ICC = Intraclass correlation coefficients, CI at 95% = 95% confidence intervals, W = width (cm), H = height (cm), L = length (cm), V = volume (cm3).

The means for the total volume of the thyroid gland calculated by ultrasonography were 13.03 (±4.91), 13.14 (±5.39) and 12.44 (±5.16) by Observers 1, 2 and 3, respectively.

The relation between the horses’ weight and the total thyroid gland volume was evaluated. A moderate relation was observed between these variables: Observers 1 (33%), 2 (32%) and 3 (36%) (Fig.2).

Fig.2. Relation between the thyroid gland total volume and horses’ body weight by Observers 1 (R2 = 0.33), 2 (R2 = 0.32) and 3 (R2 = 0.36). Lines represent linear regression line. Ultrasonography (USG), regression coefficient (R2). 

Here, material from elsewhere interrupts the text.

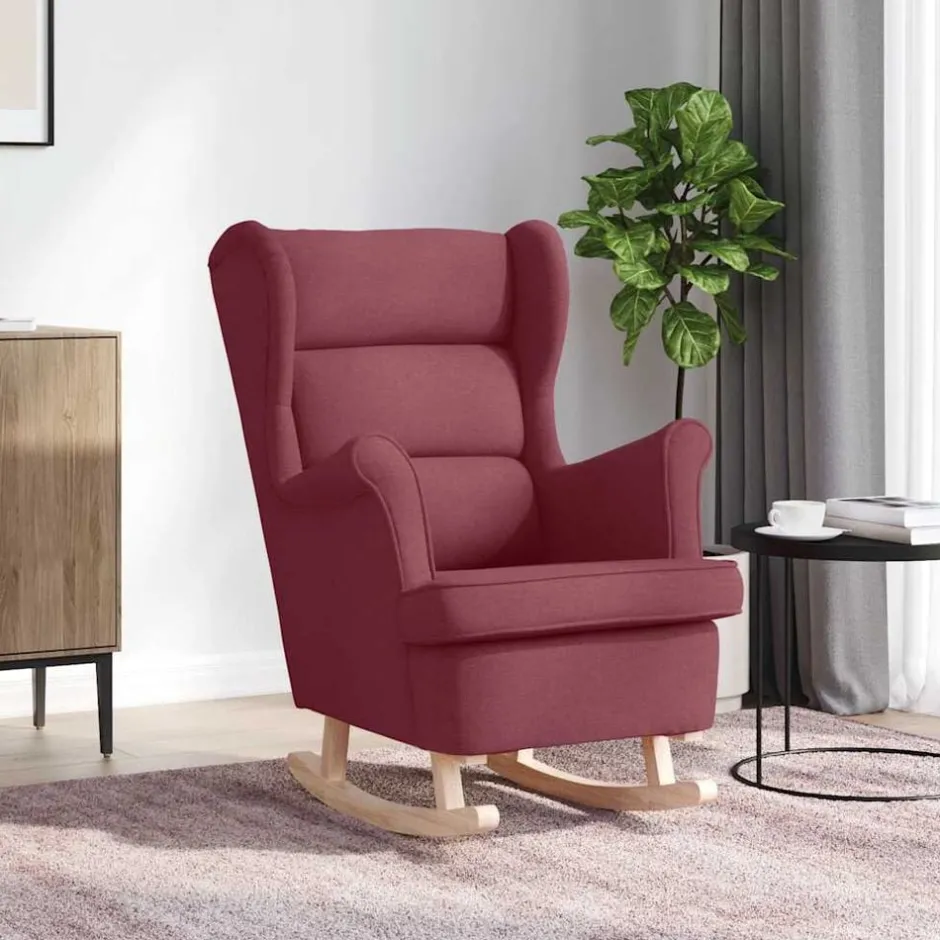 Discount vidaXL Gungstol 74x90x102 cm tyg Vinröd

In the transverse plane of the thyroid lobes presented a spherical form, and in some cases, it presented a discrete projection toward the thyroid lobe medial aspect (toward the margin of the trachea).

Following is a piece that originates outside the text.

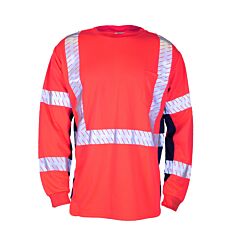 Kishigo 9710 Premium Black Series Long Sleeve Class 3 T-Shirt, Red/Black, Size 5X-Large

In the longitudinal plane, a high variation related to the elliptical format of the thyroid lobes was observed, oscillating between a rounded and flattened conformation (Fig.3). Six animals presented the lobes format of some thyroids with similar formats (right lobe similar to left lobe (54.54%) and five horses presented pair of thyroid lobes with different formats (45.46%).

Fig.3. Presentation of the thyroid lobe formats, showing a pair of lobes with distinct aspects: (A) left side, (B) right side; and another pair of similar lobes (C) left side, (D) right side. (A,B,D) The gland is hyperechogenic in relation to the sternocephalic muscle (SM). (C) The lobe is isoecogenic in relation to the SM. 

Regarding the contours, 19 thyroid lobes had regular. One left and one right thyroid lobe were slightly irregular. Only one thyroid lobe (right) was shown to be moderately irregular.

All of the evaluated thyroid glands presented a slightly heterogeneous echotexture. Regarding the echogenicity, nineteen lobes (86.36%) displayed hyperechogenicity (Fig.3A,B,D) and two left lobes (9.09%) and one right lobe (4.55%) presented isoechogenicity in relation to the sternocephalic muscle (Fig.3C).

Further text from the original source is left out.